Monitoring in-production ML models at large scale using Amazon SageMaker Model Monitor

Machine learning (ML) models are impacting business decisions of organizations around the globe, from retail and financial services to autonomous vehicles and space exploration. For these organizations, training and deploying ML models into production is only one step towards achieving business goals. Model performance may degrade over time for several reasons, such as changing consumer purchase patterns in the retail industry and changing economic conditions in the financial industry. Degrading model quality has a negative impact on business outcomes. To proactively address this problem, monitoring the performance of a deployed model is a critical process. Continuous monitoring of production models allows you to identify the right time and frequency to retrain and update the model. Although retraining too frequently can be too expensive, not retraining enough could result in less-than-optimal predictions from your model.

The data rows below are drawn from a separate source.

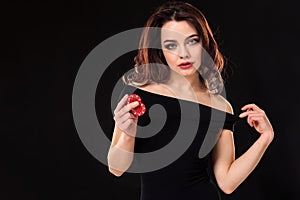 Smiling girl holding a gambling chips in her hands on black background. Copy space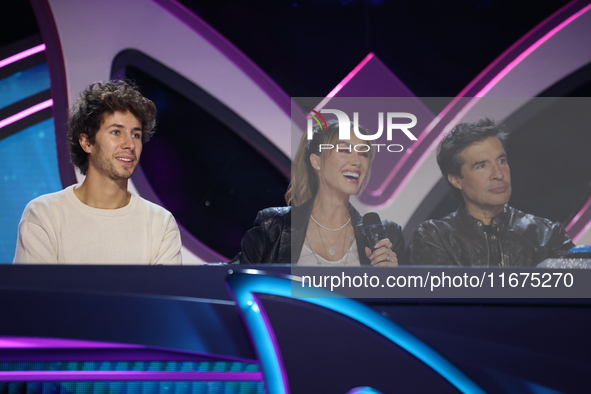 Juanpa Zurita, Anahi Puente, and Miguel Angel Fox speak during a press conference to promote the launch of ?Quien es La Mascara? season 6 at...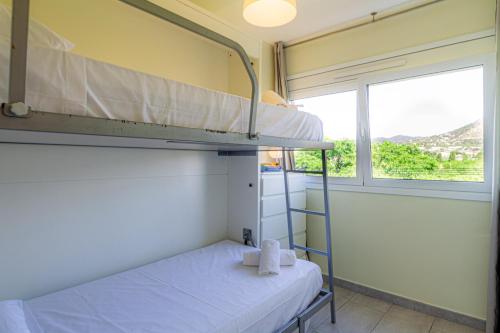 a room with two bunk beds and a window at Apartamento Cabrera Montserrat in Cabrera de Mar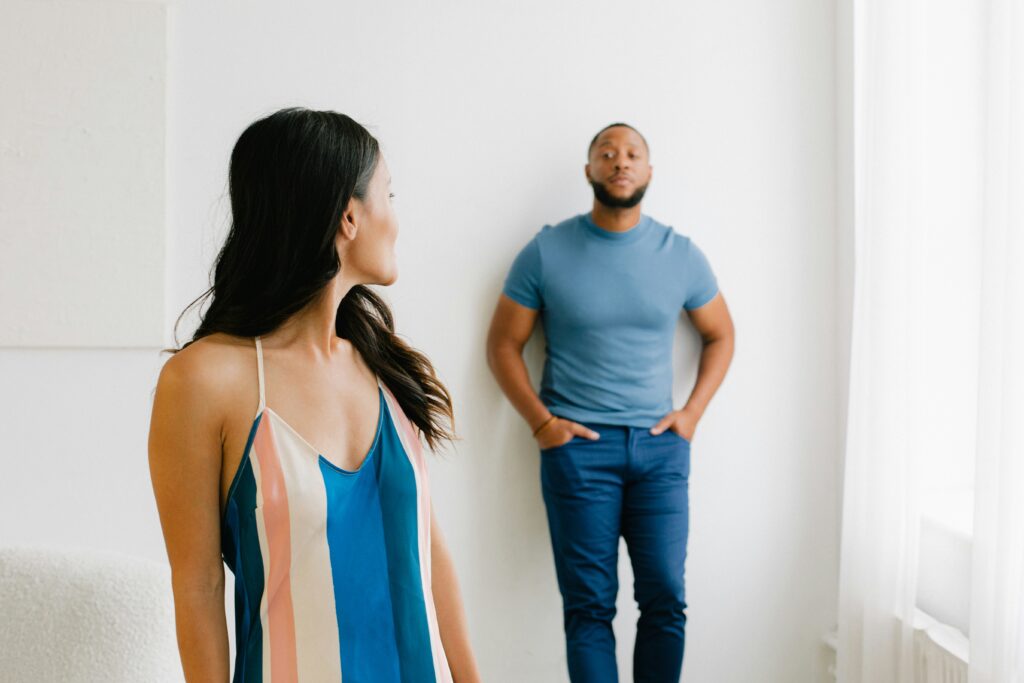 A couple standing apart in a strained confrontation, representing the challenges of overcoming retaliation or revenge in relationship dynamics.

Amazon SageMaker is a fully managed service that enables developers and data scientists to quickly and easily build, train, and deploy ML models at any scale. After you train an ML model, you can deploy it on SageMaker endpoints that are fully managed and can serve inferences in real time with low latency. After you deploy your model, you can use Amazon SageMaker Model Monitor to continuously monitor the quality of your ML model in real time. You can also configure alerts to notify and trigger actions if any drift in model performance is observed. Early and proactive detection of these deviations enables you to take corrective actions, such as collecting new ground truth training data, retraining models, and auditing upstream systems, without having to manually monitor models or build additional tooling.

In this post, we discuss monitoring the quality of a classification model through classification metrics like accuracy, precision, and more.

Solution overview

The following diagram illustrates the high-level workflow of Model Monitor. You start with an endpoint to monitor and configure a fraction of inference data to be captured in real time and stored in an Amazon Simple Storage Service (Amazon S3) bucket of your choice. Model Monitor allows you to capture both input data sent to an endpoint and predictions made by the model. After that, you can create a baseline job to generate statistical rules and constraints that serve as the basis for your model analysis later. Then, you define monitoring job and attach it to an endpoint through a schedule.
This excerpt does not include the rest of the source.